1. Les projets de la présidence française de l'Union européenne vont s'inscrire dans un contexte de renforcement des initiatives communautaires en matière de protection civile
a) La création de l'instrument financier pour le financement des mesures de préparation et de réaction rapide aux urgences majeures
Pour faire suite au programme d'action communautaire initié par la décision 1999/847/CE du Conseil du 8 décembre 1999 pour aider les Etats membres touchés par une catastrophe, la décision du Conseil CE /2007/162 du 5 mars 2007 a institué un instrument financier permettant d'améliorer la capacité des systèmes nationaux de protection civile et de conforter leur solidarité (mesures de sensibilisation, formation et exercices).
L'objectif est de contribuer à l'efficacité des systèmes nationaux de préparation et de réaction aux situations à risque pour les personnes, l'environnement ou les biens, soit en améliorant la capacité de ces systèmes, soit en favorisant leur coopération.

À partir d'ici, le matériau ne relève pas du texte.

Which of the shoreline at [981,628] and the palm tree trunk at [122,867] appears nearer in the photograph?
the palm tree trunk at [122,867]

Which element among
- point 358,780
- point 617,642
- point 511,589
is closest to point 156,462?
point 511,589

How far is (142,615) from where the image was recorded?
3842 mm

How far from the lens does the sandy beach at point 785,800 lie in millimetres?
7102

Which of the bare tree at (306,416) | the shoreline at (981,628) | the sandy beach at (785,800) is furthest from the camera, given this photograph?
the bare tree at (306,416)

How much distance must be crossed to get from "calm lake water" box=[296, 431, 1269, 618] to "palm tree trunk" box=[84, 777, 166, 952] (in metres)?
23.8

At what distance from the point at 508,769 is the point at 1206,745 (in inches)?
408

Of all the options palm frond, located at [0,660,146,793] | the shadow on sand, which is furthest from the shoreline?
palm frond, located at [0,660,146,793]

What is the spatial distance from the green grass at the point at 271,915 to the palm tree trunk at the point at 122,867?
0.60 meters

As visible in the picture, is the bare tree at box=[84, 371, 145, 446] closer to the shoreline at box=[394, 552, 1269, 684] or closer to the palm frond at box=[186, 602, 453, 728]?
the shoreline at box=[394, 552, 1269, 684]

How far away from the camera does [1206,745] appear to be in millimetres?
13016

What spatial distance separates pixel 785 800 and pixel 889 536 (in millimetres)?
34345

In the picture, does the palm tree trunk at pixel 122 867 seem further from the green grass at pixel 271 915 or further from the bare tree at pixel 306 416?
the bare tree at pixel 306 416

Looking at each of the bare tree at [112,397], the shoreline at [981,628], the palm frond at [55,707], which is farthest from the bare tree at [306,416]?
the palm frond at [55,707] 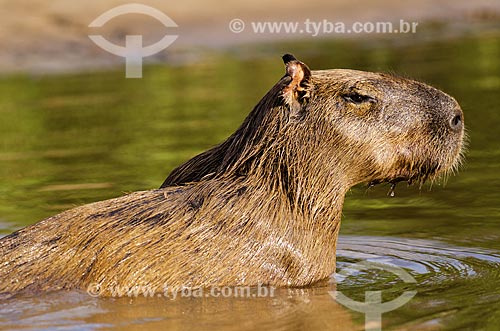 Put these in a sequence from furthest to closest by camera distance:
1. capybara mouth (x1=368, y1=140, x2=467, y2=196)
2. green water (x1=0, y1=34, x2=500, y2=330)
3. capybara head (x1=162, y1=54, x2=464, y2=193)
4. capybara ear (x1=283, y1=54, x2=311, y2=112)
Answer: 1. capybara mouth (x1=368, y1=140, x2=467, y2=196)
2. capybara head (x1=162, y1=54, x2=464, y2=193)
3. capybara ear (x1=283, y1=54, x2=311, y2=112)
4. green water (x1=0, y1=34, x2=500, y2=330)

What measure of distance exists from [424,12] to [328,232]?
68.7 ft

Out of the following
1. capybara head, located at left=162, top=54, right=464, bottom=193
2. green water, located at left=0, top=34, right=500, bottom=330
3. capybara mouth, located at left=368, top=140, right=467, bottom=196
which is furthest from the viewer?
capybara mouth, located at left=368, top=140, right=467, bottom=196

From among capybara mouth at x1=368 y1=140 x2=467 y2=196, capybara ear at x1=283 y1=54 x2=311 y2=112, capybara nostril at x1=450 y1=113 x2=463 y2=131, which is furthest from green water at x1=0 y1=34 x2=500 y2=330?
capybara ear at x1=283 y1=54 x2=311 y2=112

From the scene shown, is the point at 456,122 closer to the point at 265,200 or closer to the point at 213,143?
the point at 265,200

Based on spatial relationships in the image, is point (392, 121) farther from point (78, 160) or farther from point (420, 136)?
point (78, 160)

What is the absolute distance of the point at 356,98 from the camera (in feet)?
21.4

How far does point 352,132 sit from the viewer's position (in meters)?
6.49

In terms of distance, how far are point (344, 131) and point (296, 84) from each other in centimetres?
37

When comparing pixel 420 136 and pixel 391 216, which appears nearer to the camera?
pixel 420 136

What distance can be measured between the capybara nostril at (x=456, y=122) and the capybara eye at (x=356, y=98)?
Answer: 48 cm

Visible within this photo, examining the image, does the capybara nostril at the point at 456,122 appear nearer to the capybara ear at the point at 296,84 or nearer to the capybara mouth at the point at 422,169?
the capybara mouth at the point at 422,169

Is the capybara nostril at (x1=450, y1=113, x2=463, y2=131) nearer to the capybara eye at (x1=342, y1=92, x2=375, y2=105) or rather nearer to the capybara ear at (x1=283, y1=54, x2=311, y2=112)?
the capybara eye at (x1=342, y1=92, x2=375, y2=105)

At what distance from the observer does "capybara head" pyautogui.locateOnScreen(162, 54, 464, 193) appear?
646 cm

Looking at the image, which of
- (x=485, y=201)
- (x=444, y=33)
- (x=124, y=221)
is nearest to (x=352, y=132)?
(x=124, y=221) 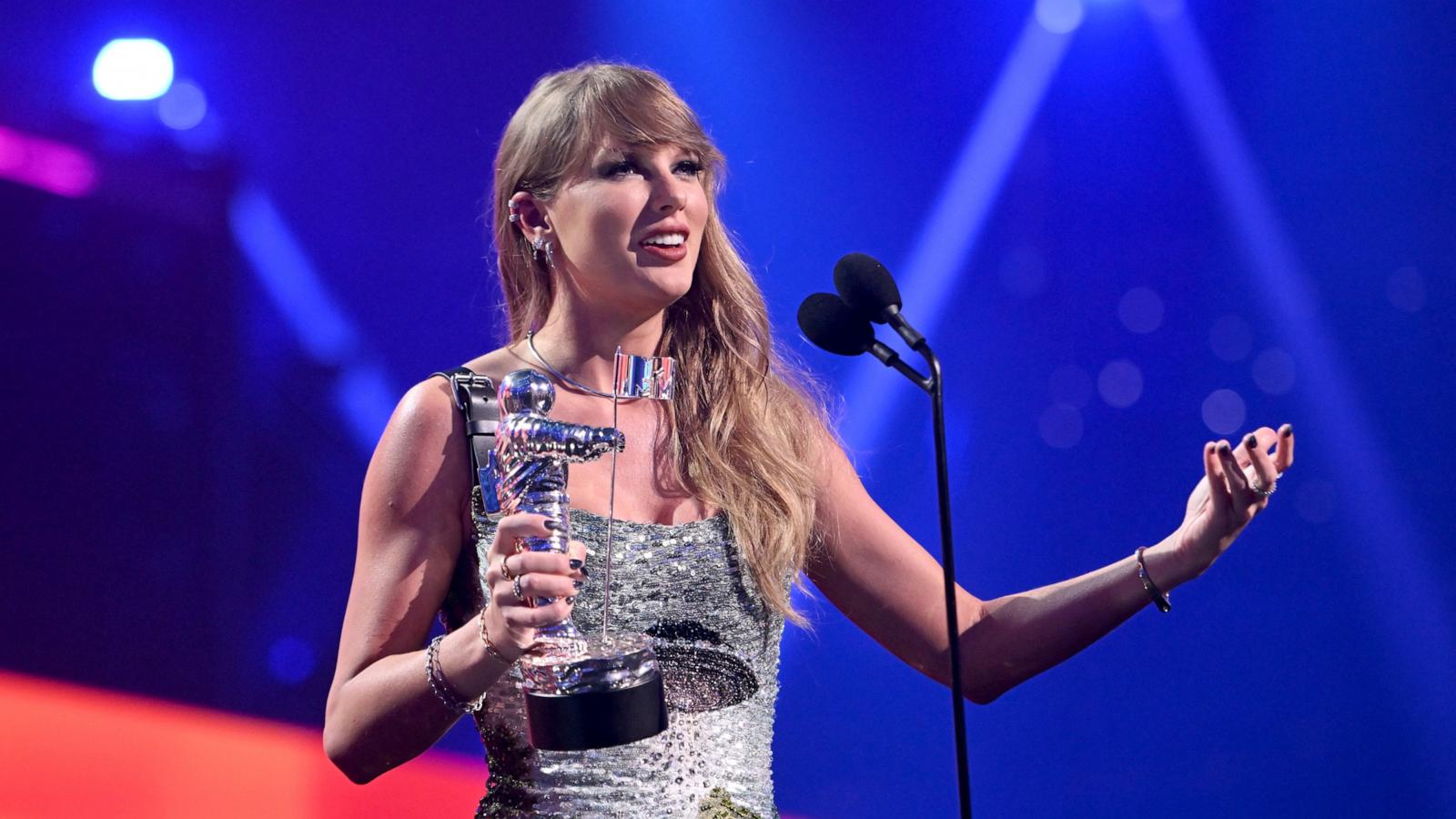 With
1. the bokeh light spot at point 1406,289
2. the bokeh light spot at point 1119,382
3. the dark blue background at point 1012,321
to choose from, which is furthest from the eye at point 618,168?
the bokeh light spot at point 1406,289

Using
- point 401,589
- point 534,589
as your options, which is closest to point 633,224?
point 401,589

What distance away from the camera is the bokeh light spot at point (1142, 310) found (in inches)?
104

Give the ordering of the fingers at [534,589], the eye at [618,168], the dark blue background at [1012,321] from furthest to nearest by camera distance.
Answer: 1. the dark blue background at [1012,321]
2. the eye at [618,168]
3. the fingers at [534,589]

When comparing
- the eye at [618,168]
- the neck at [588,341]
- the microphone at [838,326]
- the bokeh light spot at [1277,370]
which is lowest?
the microphone at [838,326]

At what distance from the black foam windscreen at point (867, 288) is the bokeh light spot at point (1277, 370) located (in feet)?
5.27

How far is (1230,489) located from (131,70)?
1.96 m

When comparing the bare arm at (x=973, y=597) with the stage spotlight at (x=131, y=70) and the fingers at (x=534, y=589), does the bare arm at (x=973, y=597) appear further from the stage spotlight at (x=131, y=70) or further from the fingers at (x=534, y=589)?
the stage spotlight at (x=131, y=70)

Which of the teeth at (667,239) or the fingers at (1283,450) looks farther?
the teeth at (667,239)

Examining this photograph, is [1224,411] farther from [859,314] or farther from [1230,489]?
[859,314]

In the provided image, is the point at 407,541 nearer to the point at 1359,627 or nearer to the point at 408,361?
the point at 408,361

Les actions pouvant obtenir un financement sont définies dans la décision et comprennent notamment, les projets de démonstration, les mesures de sensibilisation et de diffusion, la formation et les exercices, l'envoi et le déploiement d'experts ou la mobilisation à brève échéance des moyens et équipements appropriés .
Le montant total des actions et mesures financées par cet instrument est fixé à 189,8 millions d'euros pour la période comprise entre le 1er janvier 2007 et le 31 décembre 2013 .
b) Le mécanisme communautaire de protection civile
Après les attentats du 11 septembre 2001 , un mécanisme communautaire tendant à favoriser une coopération renforcée dans le cadre des interventions relevant de la protection civile a été instauré par la décision 2001/792/CE Euratom du Conseil du 23 octobre 2001 afin de faciliter la solidarité communautaire lorsqu'un pays est victime d'une catastrophe naturelle, technologique, radiologique ou environnementale, mais aussi d'un acte de terrorisme, tant à l'intérieur qu'à l'extérieur de l'Union européenne.
30 Etats 30 ( * ) participent à ce mécanisme, qui a impliqué :
- la préparation, par chaque Etat membre volontaire, d'équipes de secours capables d'être mobilisées pour des interventions d'urgence ;
-la mise en place d'un centre de suivi et d'information (ou MIC pour Monitoring and Information Centre) . Cet organe opérationnel du mécanisme est basé à Bruxelles (à la Commission) et en veille permanente .
Le MIC dispose d'un site internet ( MIC daily ) relié à plusieurs services d'alerte, où sont recensées les catastrophes dans le monde, d'une base de données contenant les moyens nationaux susceptibles d'être mobilisés et un système commun de communication et d'information d'urgence ( CECIS pour Common Emergency and Information System) avec les Etats membres.
Les informations sur les moyens nationaux de protection civile disponibles pour les interventions de secours sont compilées dans la base de données du MIC ;
-l'élaboration d'un programme de formation et d'exercices communs destiné aux équipes de secours, afin d'améliorer l'efficacité de leur coopération et de s'assurer de la compatibilité des matériels et équipements utilisés.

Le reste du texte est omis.